Sedangkan pada konteks manusia 4.0, tahapan ke-3 dan ke-4 fokus pada pelayanan dan manusia. Salah satu elemen kunci dalam pelayanan adalah empati. Sementara itu, elemen kunci dari manusia adalah keintiman dan passion. Kombinasi dari ketiga elemen tersebut menghasilkan suatu kedalaman hubungan, yaitu suatu hubungan kemanusiaan yang didasarkan pada hubungan tulus dan produktif.

Lebaran pada era 4.0 harusnya memijakkan diri pada hubungan yang bersifat interpersonal, bukan massal. Pada kasus lebaran virtual di atas, hubungan lebih didasarkan pada hubungan massal.

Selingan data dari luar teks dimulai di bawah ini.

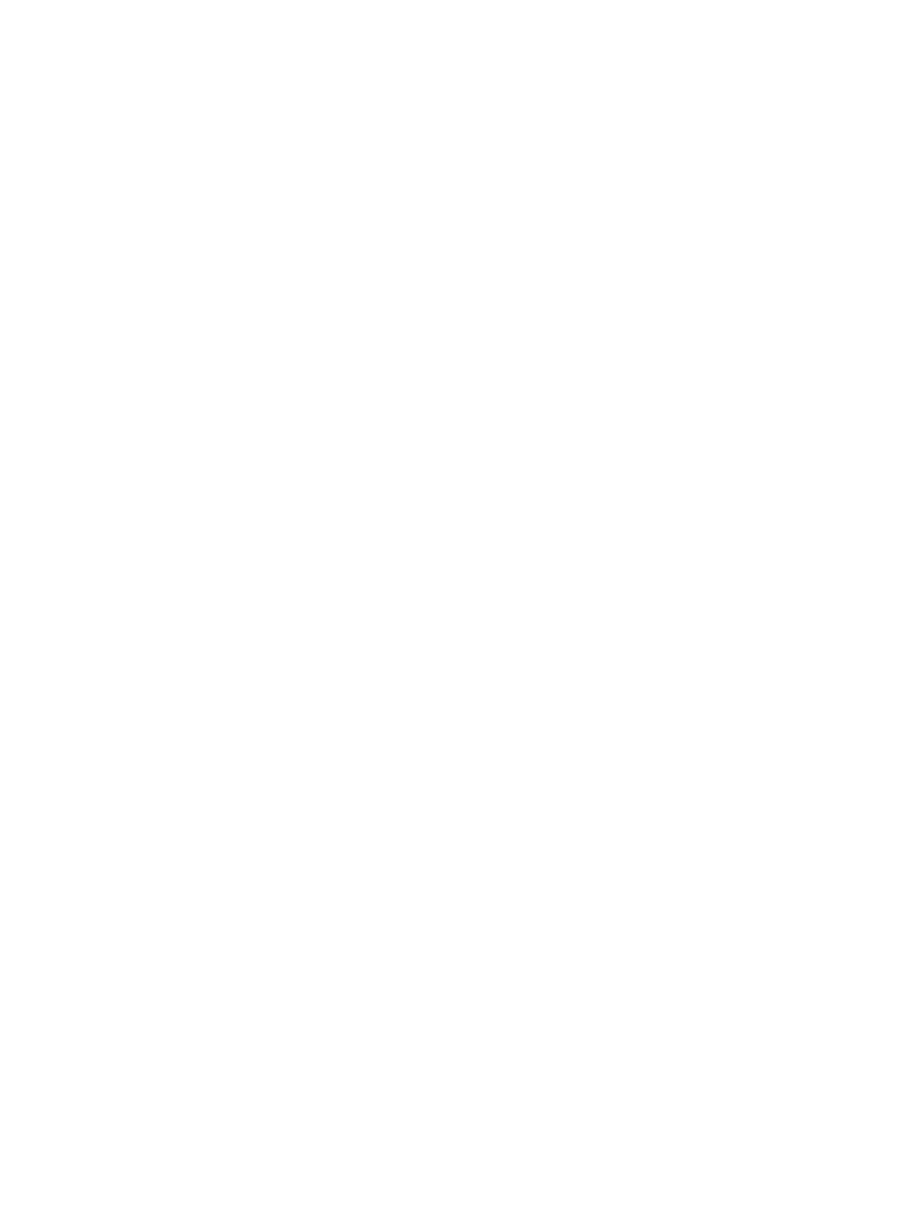 Xela Andrews Interiors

Komunikasi yang bersifat massal melalui media sosial tidak pernah menyentuh sisi personal dari sejawat. Semua rekan sejawat dianggap sama, tanpa keunikan apa pun, baik dari kedekatan emosional ataupun keunikan dari sebuah nama. Dengan begitu, nilai-nilai empati dan keintiman menjadi lenyap.

Lebaran bukan hanya mengembalikan diri kedalam jiwa yang fitri, bersih, nol dosa. Juga kembali pada sisi-sisi kemanusiaan kita. Lebaran mengembalikan tujuan silaturahmi, mengencangkan kembali relasi antarjiwa, melunakkan sifat kesombongan dunia dan mengosongkan tabungan rasa hebatnya diri.

Jadikan teknologi hanya alat kebertubuhan, yang pada waktunya perlu ditanggalkan, bukan selalunya melekat. Dengan itu, lebaran akan kembali kepada khitahnya; memfitrikan diri dan mensucikan hati.